§ **Aim of the task**
Nothing should appear in the answer except the lines below from the line containing "Cloudy - White" through the line containing "Sterling Silver Skull Demon Ring 50093", copied exactly, with pictures left out.

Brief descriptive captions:
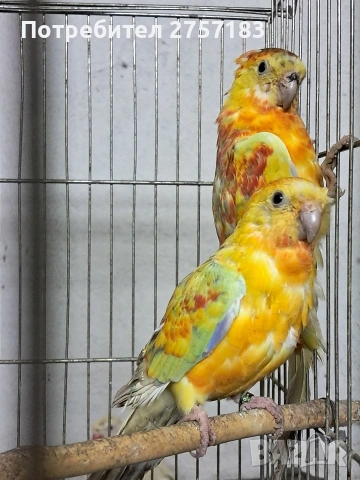 продавам поини папагали 2025 г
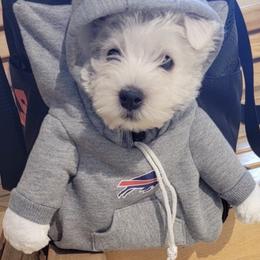Cloudy - White male West Highland White Terrier puppy in East Glenville, New York from NYWesties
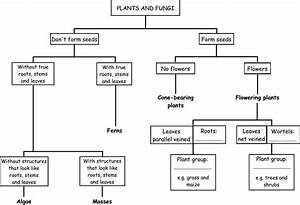 Classification System Chart Figure 3 Plant Classification Png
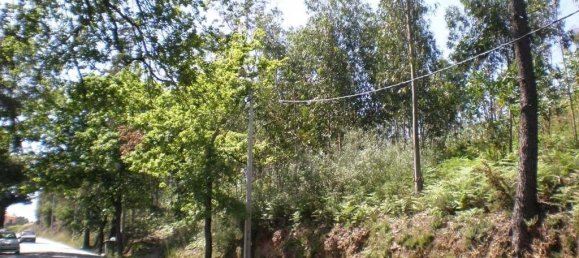 Terreno em Lousada, Portugal 6688 m² N.º 62056 4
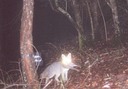 foxfood 030501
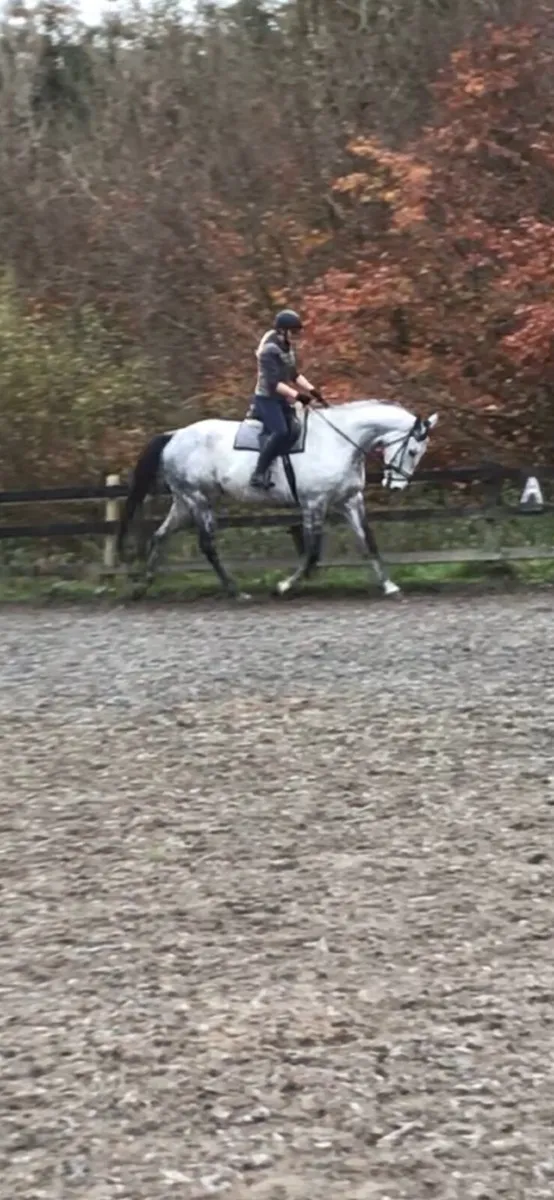 Grey gelding - Image 1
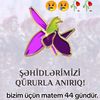 _terlan.003_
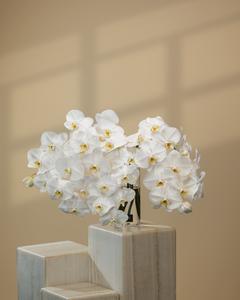 The Orchidia Cheap Sale Cheapest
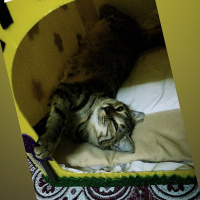 Tekir Kedi, Kedi  Pamuk fotoğrafı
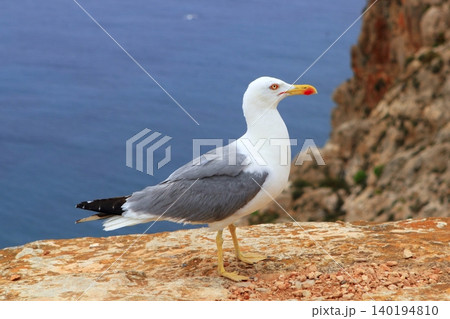 Yellow bill seagull posing in rocky sea mountain Yellow bill seagull posing in rocky sea mountain 140194810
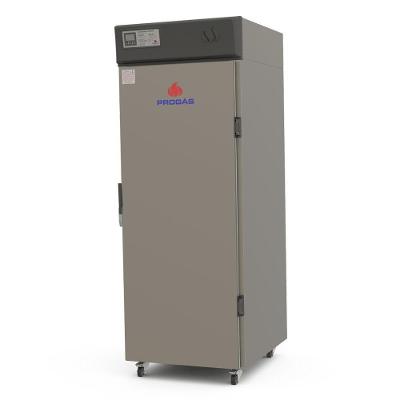 Câmara De Crescimento De Pães Com Capacidade De 20 Esteiras Prcl-200 220v - Progás 220v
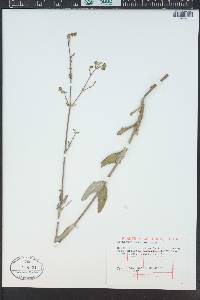 Mirabilis albida image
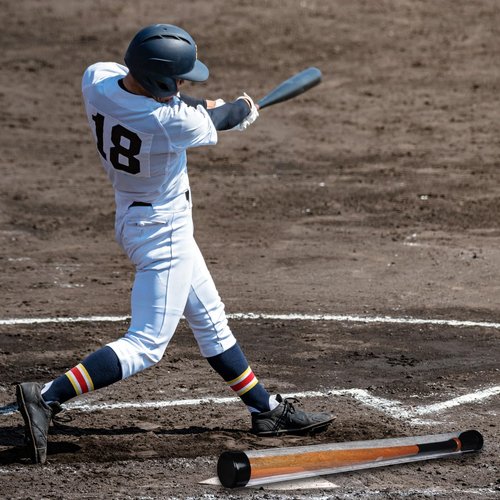 Pangda Baseball Bat Display Case 36 Inches Protected Plastic Baseball Bat Display Tube Box for Desk Wall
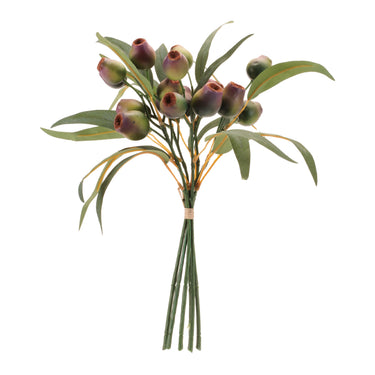Pod Foliage Bundle (Set of 6)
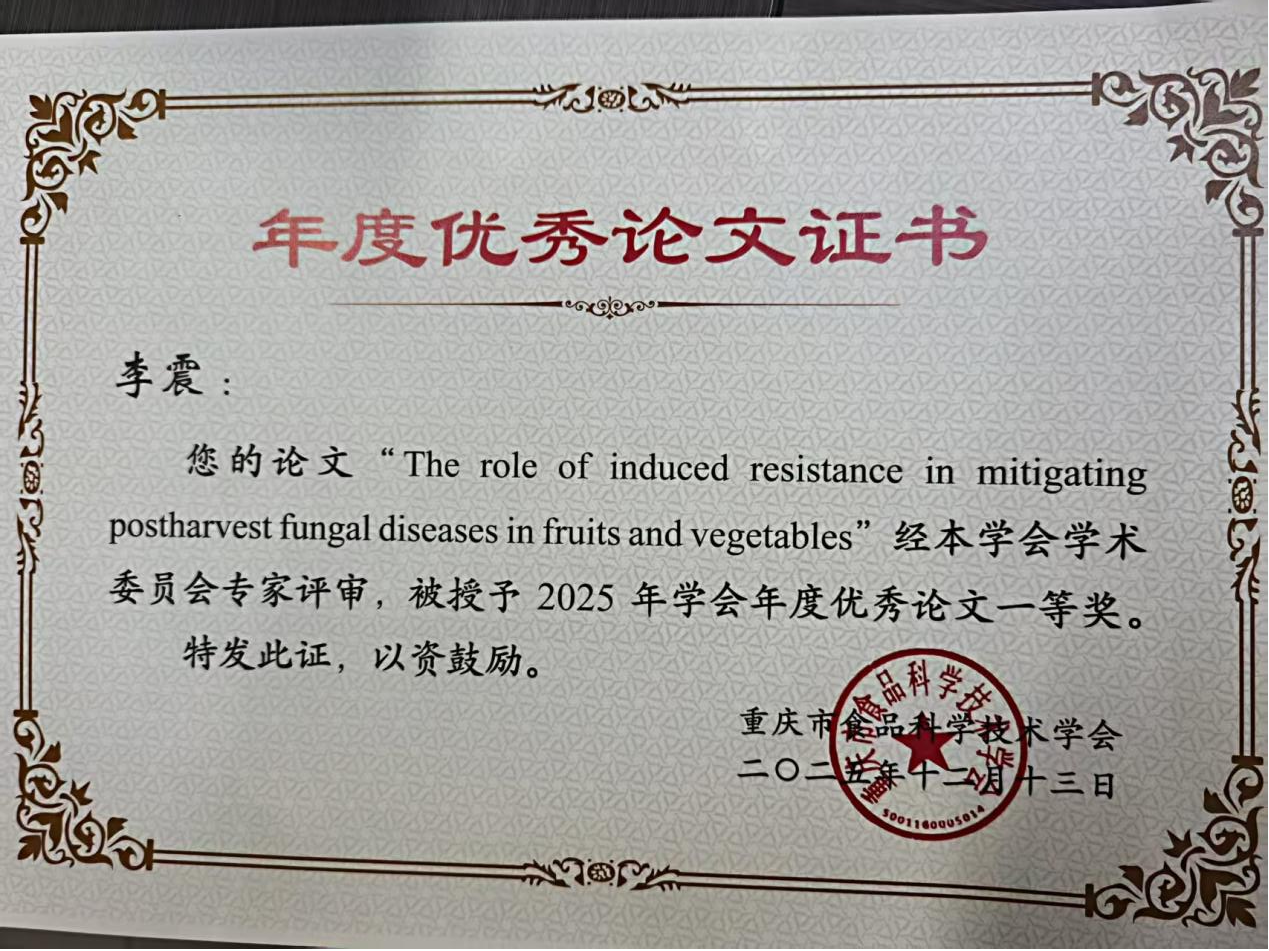 iWPx_1765788277393025820.png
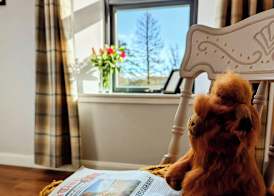 Ben Cruachan Inn - Restaurant, Pub with Rooms 3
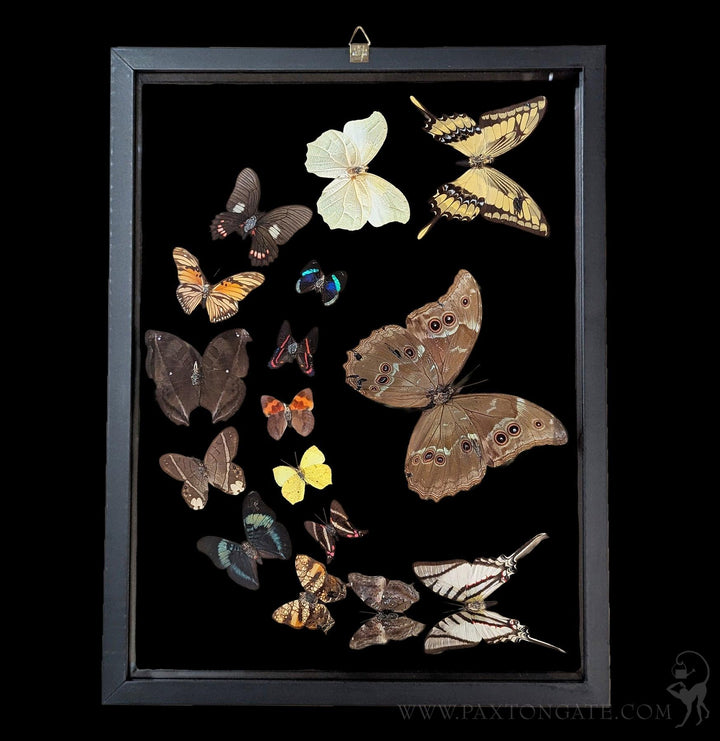 Sixteen Double Glass Framed Sweeping Butterflies For Sale | Paxton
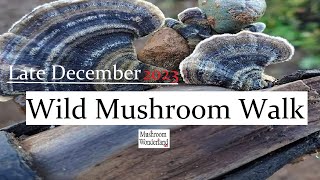 Wild Mushrooms Identified and Explained Late December 2023 [upl. by Auguste]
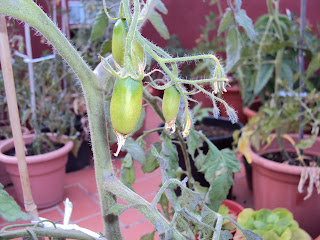 Huerto ecológico en la terraza o balcón de casa: 06/01/2010 - 07/01/2010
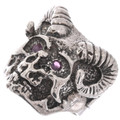 Sterling Silver Skull Demon Ring 50093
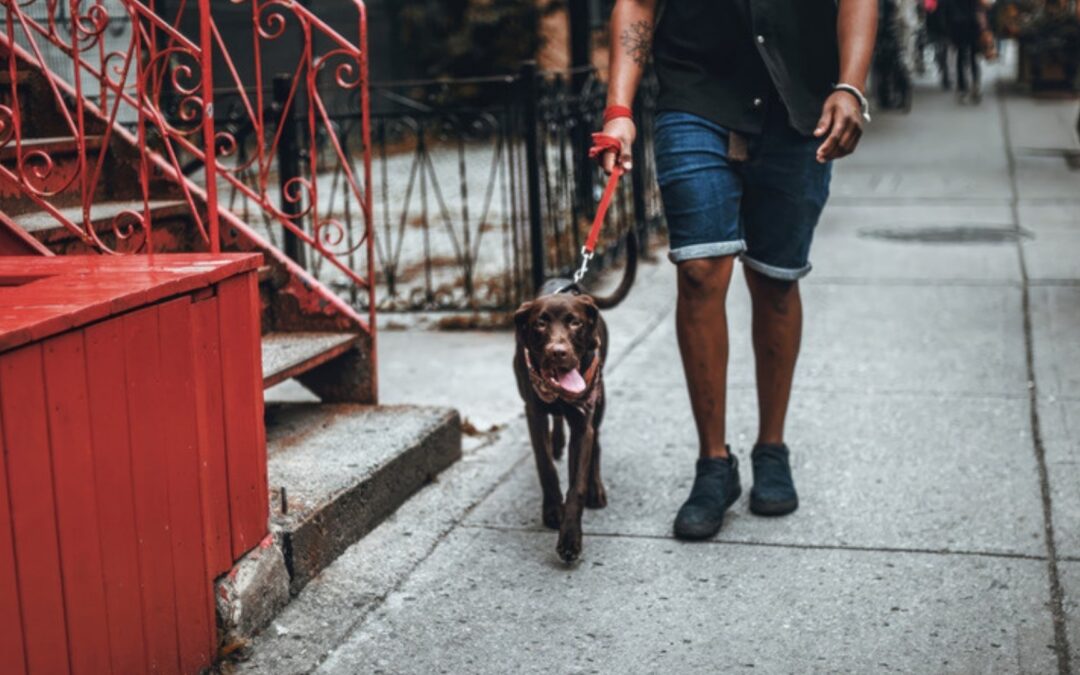 Is Georgia a One-Bite State, and What Does a Decatur Dog Bite Lawyer Have to Prove?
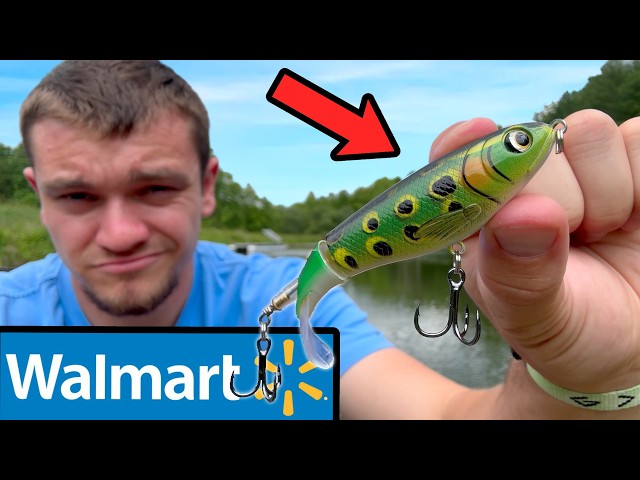 Testing Walmart's Cheap vs Expensive Fishing Lures!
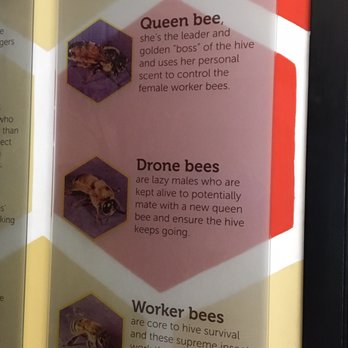 Huka Honey Hive - More fun facts! - Specialty Food Near Me - Taupo, WKO Huka Honey Hive - More fun facts! - Specialty Food Near Me - Taupo, WKO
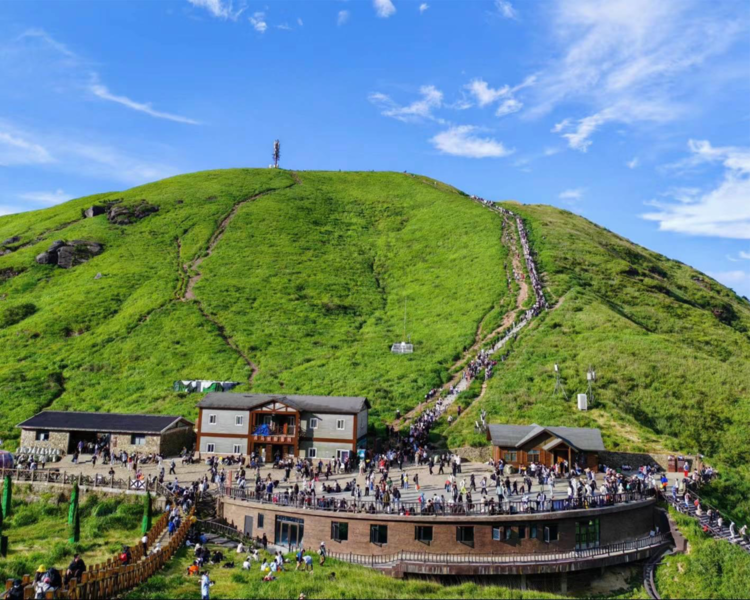 艺人背景图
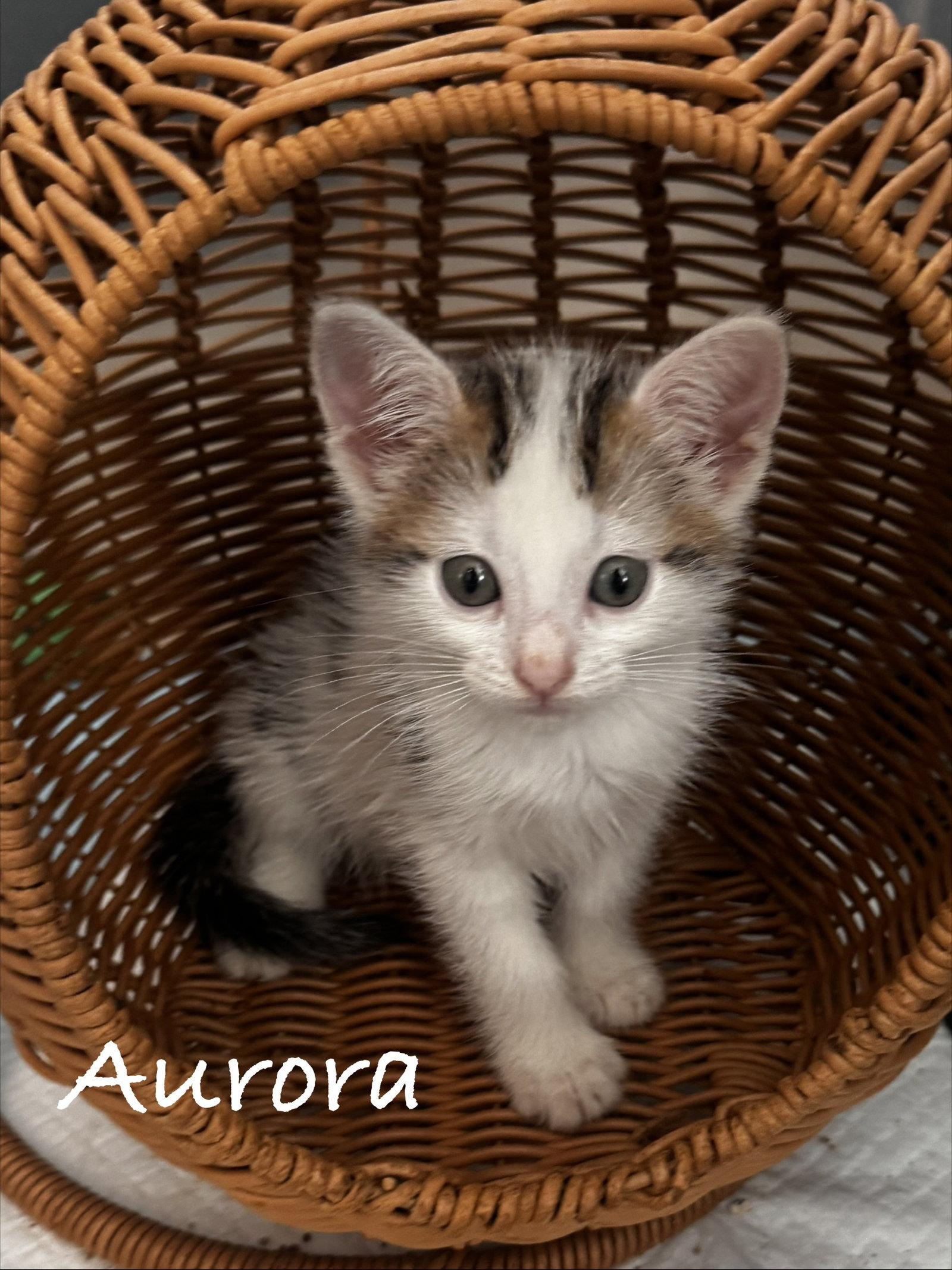 Aurora, Adoptable, Young Female Domestic Short Hair.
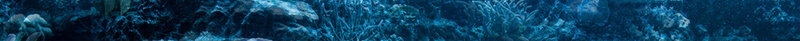蓝天白云风景海水海面鱼类动物背景psd设计背景_88icon https://88icon.com 动物 海水 海面 白云 素材 背景 蓝天 风景 鱼类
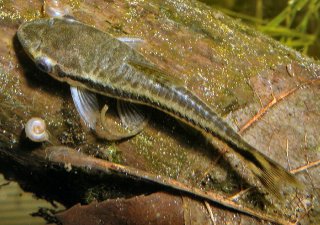 Otocinclus vittatus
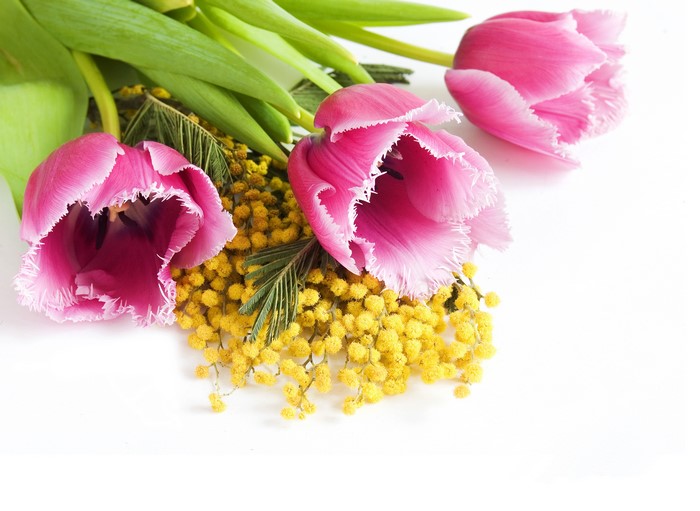 Pink Tulips and Silver Wattle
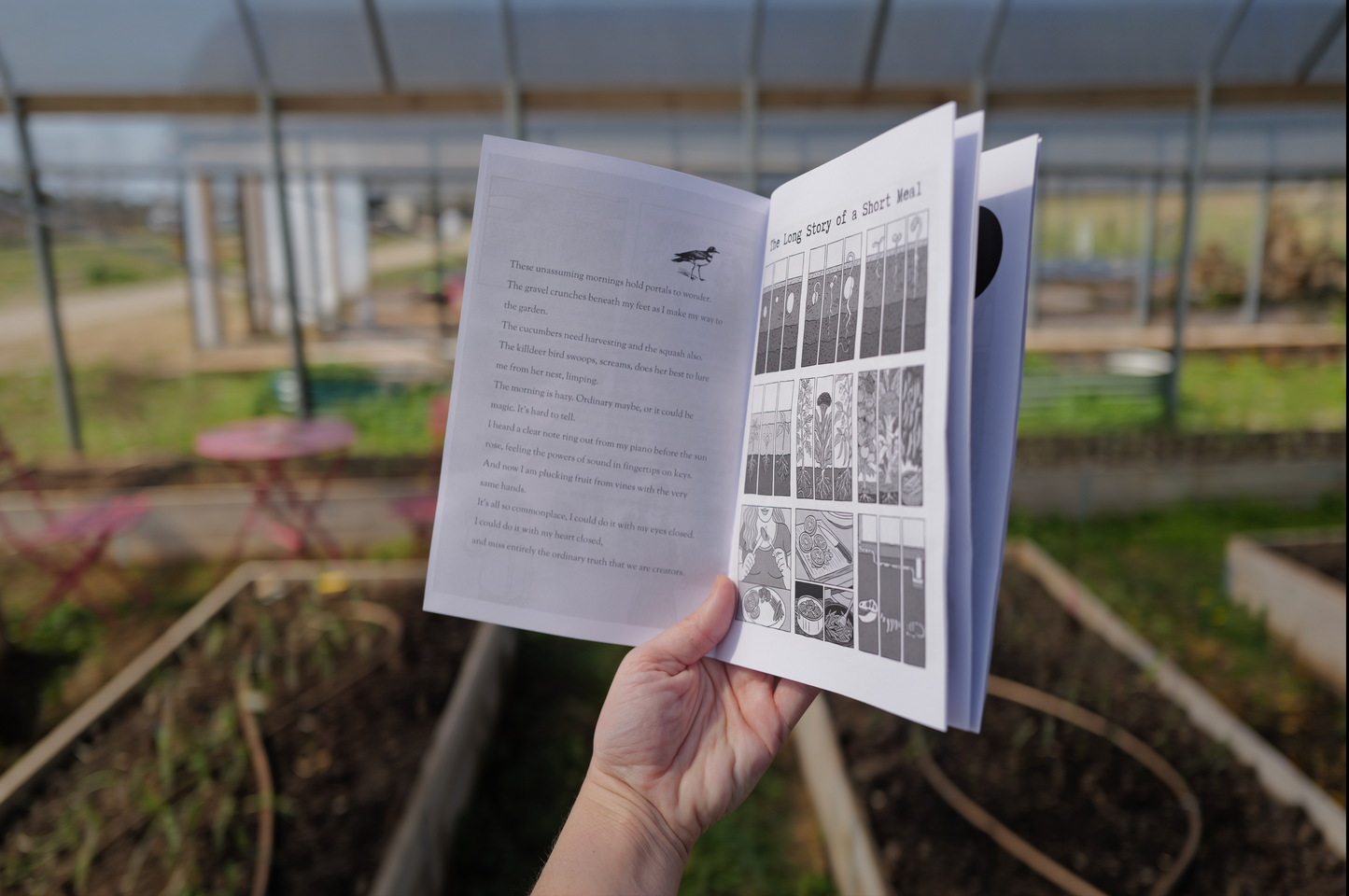 Softcover Zine (2026 Edition 1)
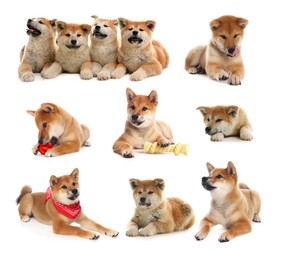 Image of Cute Shiba Inu and Akita Inu dogs on white background, collage of photos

§ **Your solution**
Cloudy - White male West Highland White Terrier puppy in East Glenville, New York from NYWesties
 Classification System Chart Figure 3 Plant Classification Png
 Terreno em Lousada, Portugal 6688 m² N.º 62056 4
 foxfood 030501
 Grey gelding - Image 1
 _terlan.003_
 The Orchidia Cheap Sale Cheapest
 Tekir Kedi, Kedi  Pamuk fotoğrafı
 Yellow bill seagull posing in rocky sea mountain Yellow bill seagull posing in rocky sea mountain 140194810
 Câmara De Crescimento De Pães Com Capacidade De 20 Esteiras Prcl-200 220v - Progás 220v
 Mirabilis albida image
 Pangda Baseball Bat Display Case 36 Inches Protected Plastic Baseball Bat Display Tube Box for Desk Wall
Pod Foliage Bundle (Set of 6)
 iWPx_1765788277393025820.png
 Ben Cruachan Inn - Restaurant, Pub with Rooms 3
 Sixteen Double Glass Framed Sweeping Butterflies For Sale | Paxton
 Wild Mushrooms Identified and Explained Late December 2023 [upl. by Auguste]
 Huerto ecológico en la terraza o balcón de casa: 06/01/2010 - 07/01/2010
 Sterling Silver Skull Demon Ring 50093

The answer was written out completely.